DATASET RECORDS –

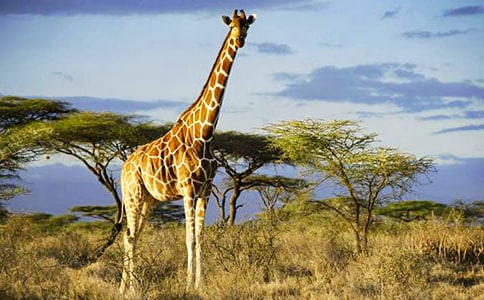 ������g(sh��)�̰����L(zh��ng)�i¹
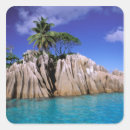 Search for seychelles stickers Palm tree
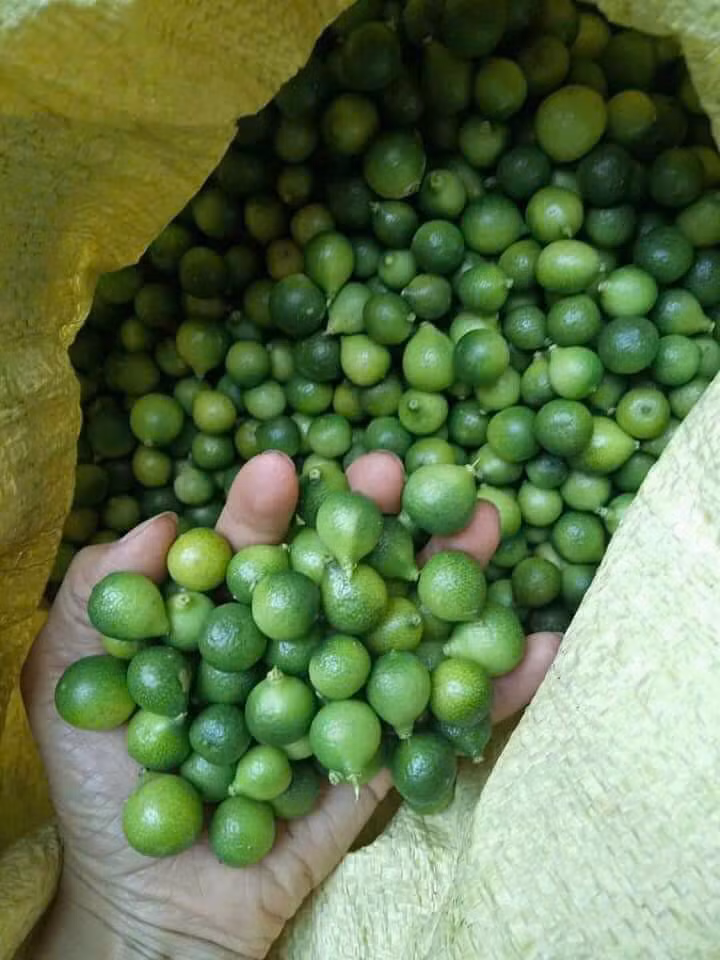 Chanh rừng là sản vật đặc trưng của núi rừng Mẫu Sơn (Lạng Sơn). Loại chanh này có kích thước nhỏ chỉ như quả quất nhưng giá đắt gấp 5 - 6 lần chanh thường.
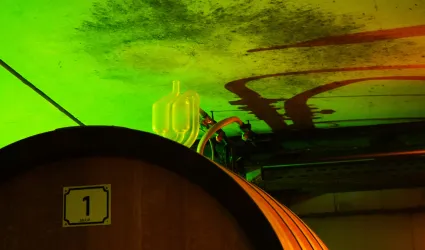 Ein Weinfass im lichtvollen Raum mit bunten Reflexionen an der Decke. Die Atmosphäre ist mystisch und einladend.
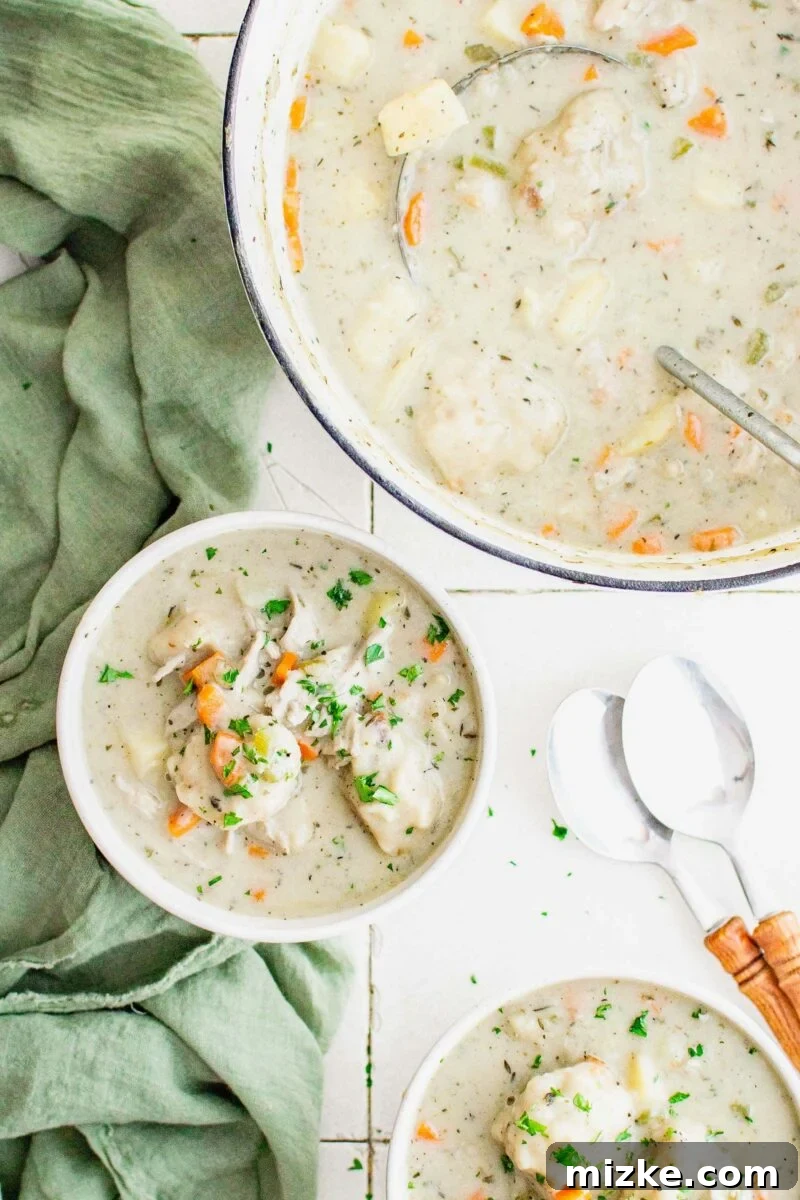 Hearty Leftover Turkey Dumpling Soup 5 A ladle is placed in a full pot of soup, next to a small garnished bowl.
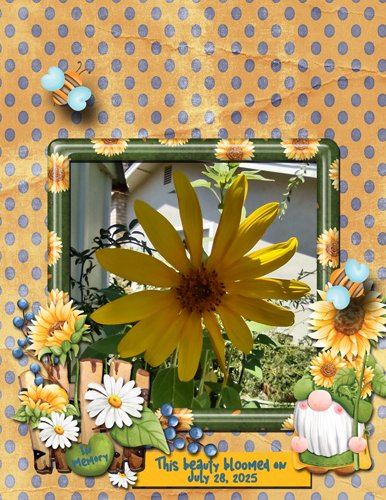 Sunflower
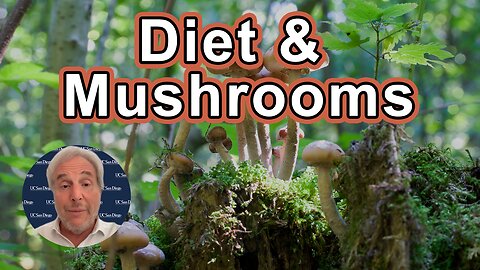 Diet & Mushrooms Meet Cancer & Covid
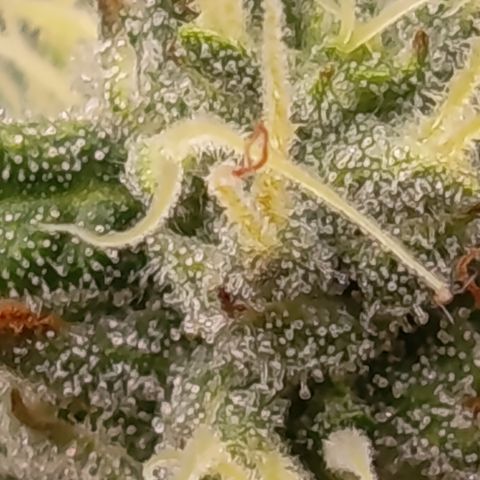 Green Gelato  growlog timeline photo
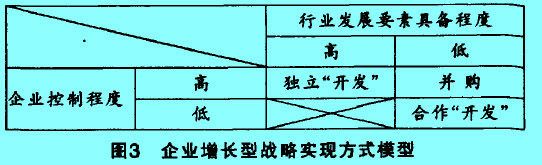 Image:企業(yè)增長型戰(zhàn)略實(shí)現(xiàn)方式.jpg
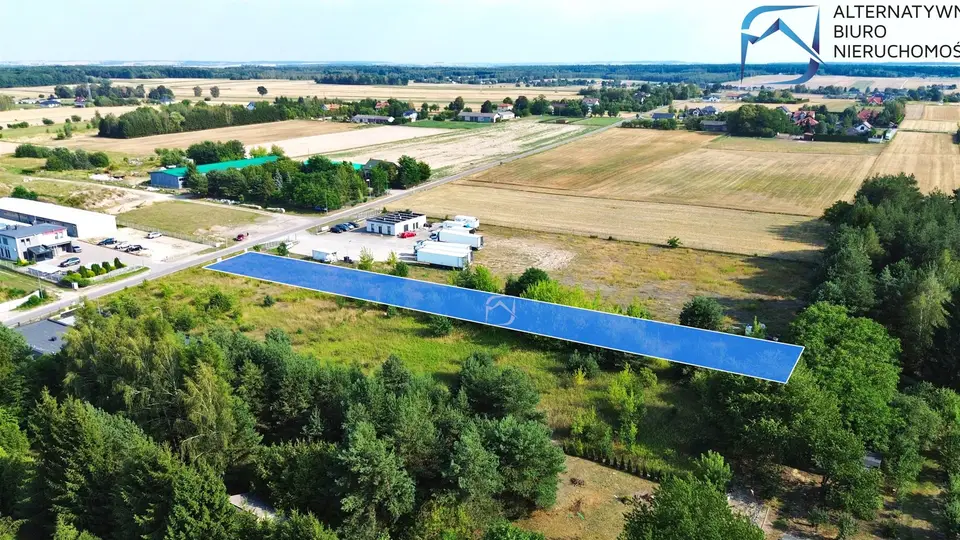 Zdjęcie 12
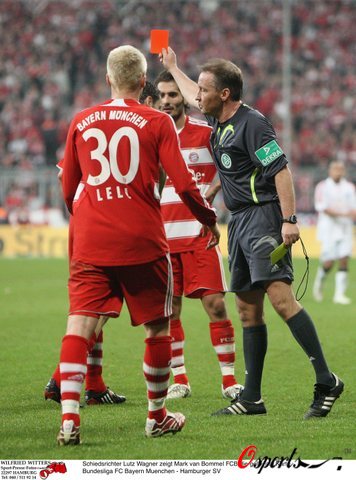 了浙江队 了浙江队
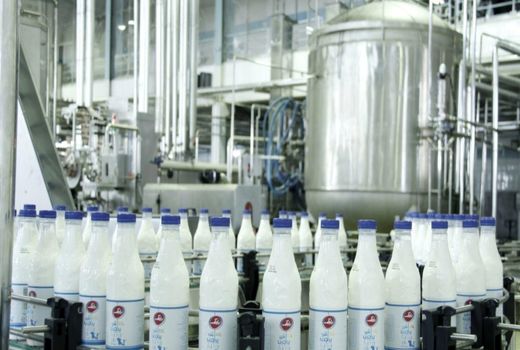 جهش تولید شیر با اجرای برنامه های اصلاح نژادی در خراسان شمالی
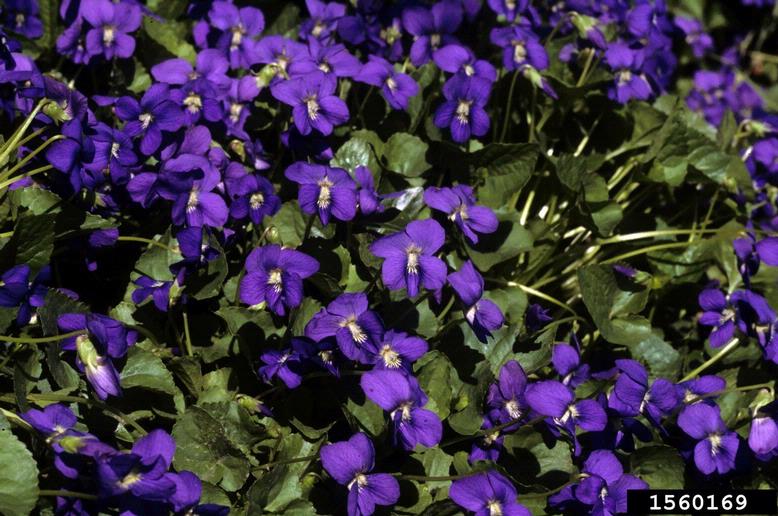 violet (Genus Viola)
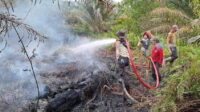 kebakaran hutan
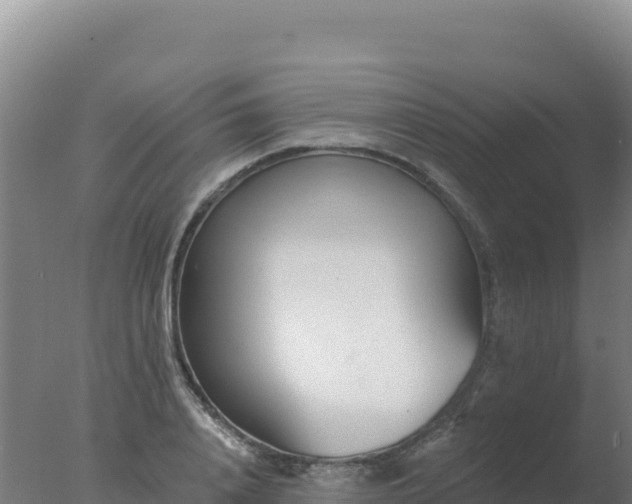 X0000077370840200610271918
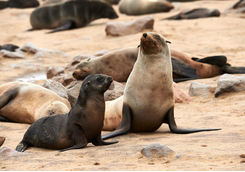 Seals south africa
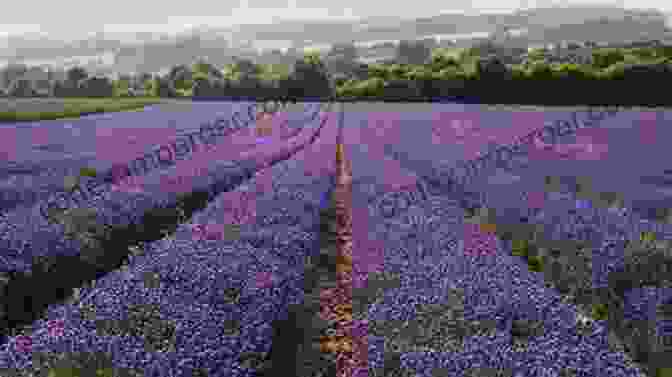 A Sprawling Field Of Lavender Blossoms, Releasing A Tranquil Fragrance START YOUR OWN LAVENDER BUSINESS: 2 In 1 Guide Growing And Selling Lavender For Profit +100 Crafts Handmade Gifts And Natural Remedies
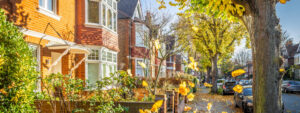 Autumn housing market outlook 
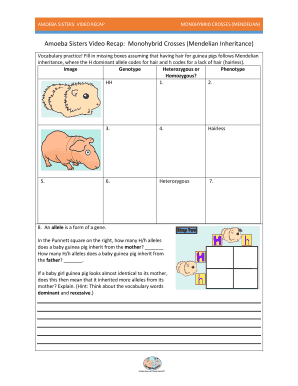 Amoeba Sisters Video Recap Monohybrid Crosses Mendelian Inheritance Answer Key  Form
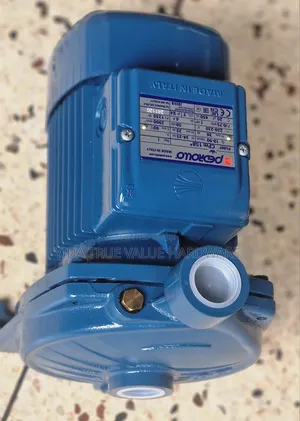 Pedrollo Surface Water Pump 1 Hose Power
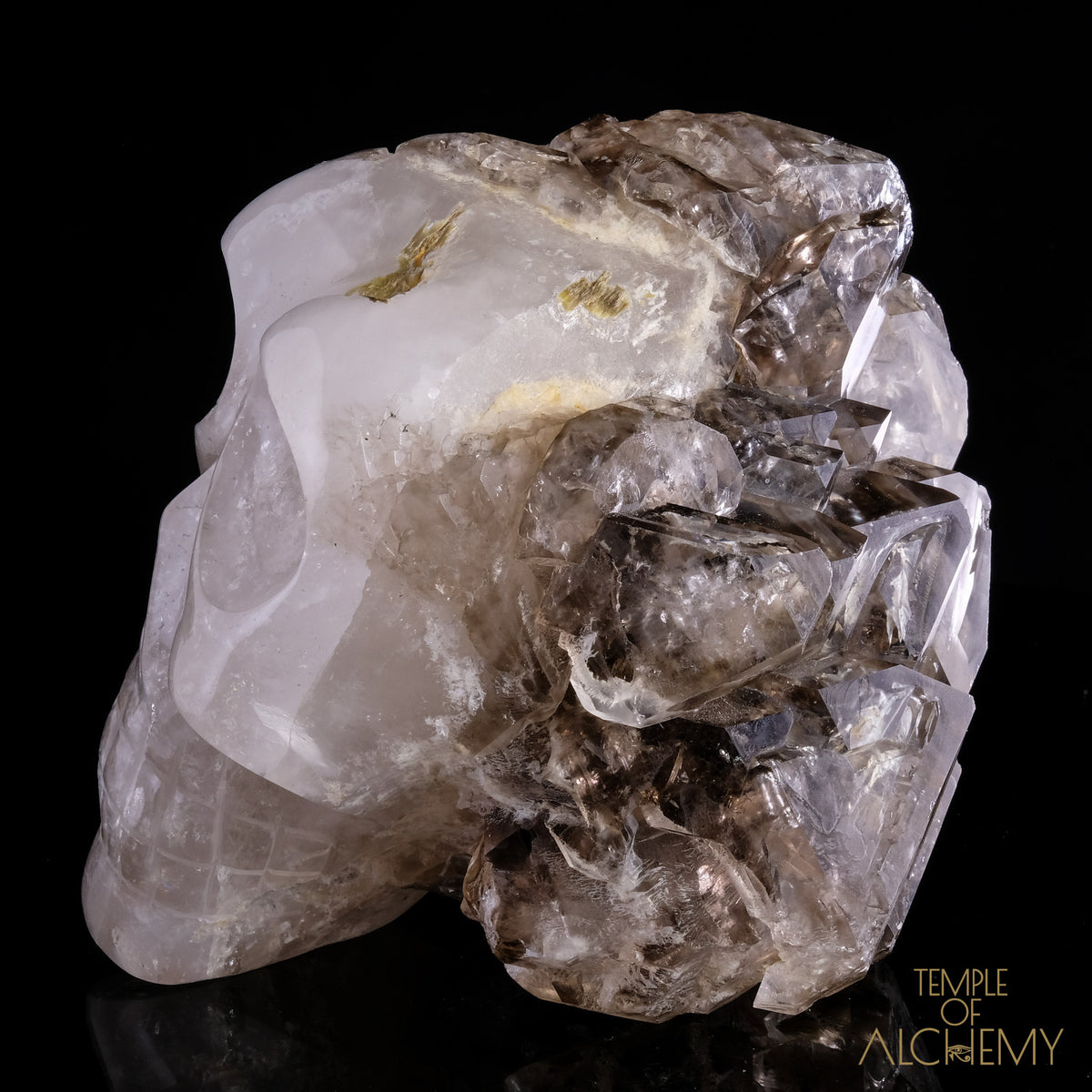 Smokey Elestial + Mica - crystal skull - Leandro de Souza - 14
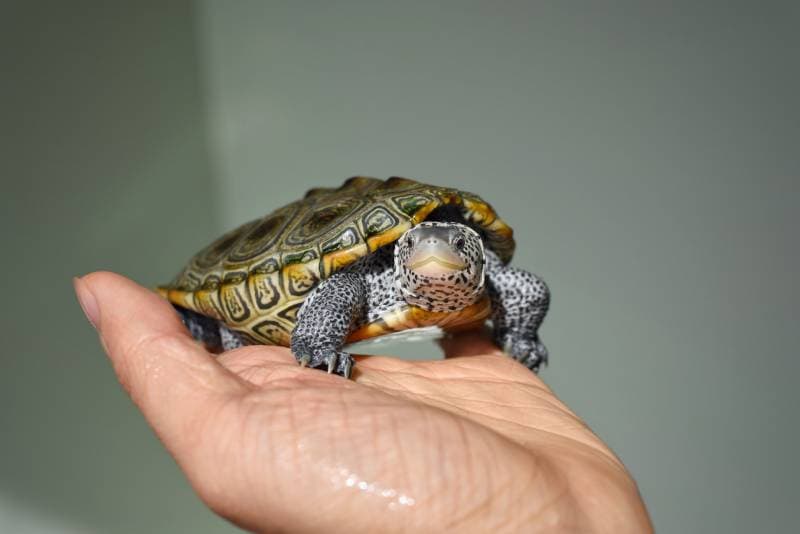 owner holding a diamondback terrapin turtle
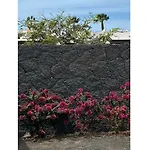 Apartament Mesmerising In *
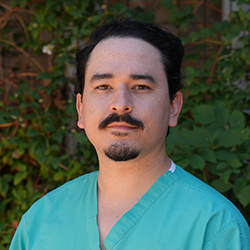 Ayrton Sanguino, DMD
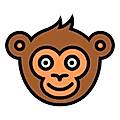 Monkey Test It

WHAT YOU NEED TO DO – The data must be printed exactly, image-free.

ANSWER TO THIS PROBLEM –
 ������g(sh��)�̰����L(zh��ng)�i¹
 Search for seychelles stickers Palm tree
 Chanh rừng là sản vật đặc trưng của núi rừng Mẫu Sơn (Lạng Sơn). Loại chanh này có kích thước nhỏ chỉ như quả quất nhưng giá đắt gấp 5 - 6 lần chanh thường.
 Ein Weinfass im lichtvollen Raum mit bunten Reflexionen an der Decke. Die Atmosphäre ist mystisch und einladend.
 Hearty Leftover Turkey Dumpling Soup 5 A ladle is placed in a full pot of soup, next to a small garnished bowl.
 Sunflower
 Diet & Mushrooms Meet Cancer & Covid
 Green Gelato  growlog timeline photo
 Image:企業(yè)增長型戰(zhàn)略實(shí)現(xiàn)方式.jpg
 Zdjęcie 12
 了浙江队 了浙江队
 جهش تولید شیر با اجرای برنامه های اصلاح نژادی در خراسان شمالی
 violet (Genus Viola)
 kebakaran hutan
 X0000077370840200610271918
 Seals south africa
 A Sprawling Field Of Lavender Blossoms, Releasing A Tranquil Fragrance START YOUR OWN LAVENDER BUSINESS: 2 In 1 Guide Growing And Selling Lavender For Profit +100 Crafts Handmade Gifts And Natural Remedies
 Autumn housing market outlook 
 Amoeba Sisters Video Recap Monohybrid Crosses Mendelian Inheritance Answer Key  Form
 Pedrollo Surface Water Pump 1 Hose Power
 Smokey Elestial + Mica - crystal skull - Leandro de Souza - 14
 owner holding a diamondback terrapin turtle
 Apartament Mesmerising In *
 Ayrton Sanguino, DMD
 Monkey Test It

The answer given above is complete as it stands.